Gotcha ! Santorini was the one I was looking for.   If that's the root of the Atlantean legend then there's a strong possibility of fact. Cheers Spartan 27.


----------



## SpaceShip

I voted maybe - it's the romantic in me wanting some of these exotic tales to be true in these dull (but scary) days; believing something like this lightens things up.  There are lots of tales and myths that could be _true!_ and some are so similar and from places so far from each other that there must be some truth in them somewhere.


----------



## McMurphy

I think there is a chance it existed in the same sense that the Biblical World Flooding has some grounds in history due to some immense regional flooding around the same time as the appropiate scripture.  There could have been, once, a land mass which had been populated that had descending into the ocean.  Perhaps both unrelated examples could be seen akin to a treat of truth covered with a healthy amount of the chocolate that, in these cases, would be mythology.


----------



## SpaceShip

McMurphy said:


> I think there is a chance it existed in the same sense that the Biblical World Flooding has some grounds in history due to some immense regional flooding around the same time as the appropiate scripture.
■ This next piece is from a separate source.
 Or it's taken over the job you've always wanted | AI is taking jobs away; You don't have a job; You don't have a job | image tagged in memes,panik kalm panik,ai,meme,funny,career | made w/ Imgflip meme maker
There could have been, once, a land mass which had been populated that had descending into the ocean. Perhaps both unrelated examples could be seen akin to a treat of truth covered with a healthy amount of the chocolate that, in these cases, would be mythology.


Yeah but, McMurphy - I think I read somewhere that archaeologists have said they have evidence that the Biblical Flood did happen.  Whereas, do we have any evidence relating to Atlantis?


----------



## Urien

Atlantis lies under the railway yards in Doncaster.


----------



## Hiro Protagonist

I certainly want to believe Atlantis is real.  Hopefully I will get around to reading that book at some point.


----------



## McMurphy

*My Charlie Brown Answer*



SpaceShip said:


> Yeah but, McMurphy - I think I read somewhere that archaeologists have said they have evidence that the Biblical Flood did happen.  Whereas, do we have any evidence relating to Atlantis?



Good point, because, as far as I know, evidence directly related between a mythological Atlantis and historical records of a large land mass sinking into a sea or ocean in which would inspire the myths like that of the Biblical flooding is not nearly as apparent. I just believe that is quite possible---far more so than an actual Atlantis---that some form of a lesser scaled human event took place within the ancient world that could have spurred lore.

Then again, and speaking of lore, the tale of Atlantis (from how I remember it) is rich with the common trademarks of folklore meant to relate a message or a lesson.  In this case, it would be under the topic of civilization and how, even for a powerful and proud society, its underbelly---namely that of greed and power lust---is its greatest predator.  The sinking would be symbolic of such a downtrodden turn of events.  Very little actual environmental inspiration would be needed, while the likelihood of political/sociological reference points being present would be bountiful.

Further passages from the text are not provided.